Languages and their dialects are crucial elements in determining identity. The boundaries between languages and dialects should not be drawn too rigidly: each shades into others within a local area, and probably most Africans can speak those of their neighbors as well as their own. Nonetheless, linguistic boundaries are recognized and have meanings for those who live within them. They are essential between the social and cultural groups that have conventionally been called "tribes," a word that is today often considered derogatory. The existence of "tribes" is therefore often denied, and at times the concept claimed to have been "invented" by Europeans. The problem is not whether or not tribes exist—for in fact they do. They have names, and Africans use those names, and they hold great significance for their members, to whom they give a firm identity. The problem concerns exactly how they may be defined and how they came into existence. A tribe is now often referred to by a term such as "ethnic group," "society," or "culture." The first two terms are almost meaningless in this context, and the third refers not to a group of living people but to their conventional patterns of behavior. Perhaps the term that best conveys both their distinctiveness and the absence of rigid boundaries between them is simply "people."

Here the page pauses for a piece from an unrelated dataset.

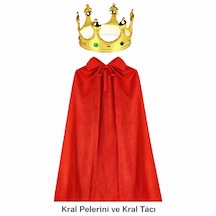 90 - 226 - Cm Kral Pelerini Ve Altın Kral - Aconcept - Tacı Seti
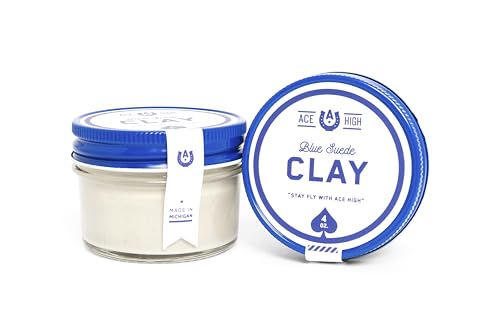 Ace High Blue Suede Hair Clay - Strong Hold, Satin to Matte Finish, Natural Ingredients - 4oz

How may a people be defined? The obvious criteria include occupying a common territory; speaking a single language or dialect; having a single social organization; having a sense of identity, cohesion, and history; sharing a common religion; and having a single set of customs and behavioral rules (as in marriage, clothing, diet, taboos, and so on). One problem is that any or all of these criteria can change at any time, so that a map of the peoples who live in Africa can soon grow out of date.
Two commonly used words deserve comment. These are "indigenous" and "traditional." Both are often used with the implication of being unchanging or static, but properly they do not have this connotation.
"Indigenous" is conventionally used not as meaning autochthonous or primordial, but rather in the sense of having priority of settlement; it is also used to distinguish Africans from non-African incomers. The word "native," although properly having that same meaning, is today rarely used.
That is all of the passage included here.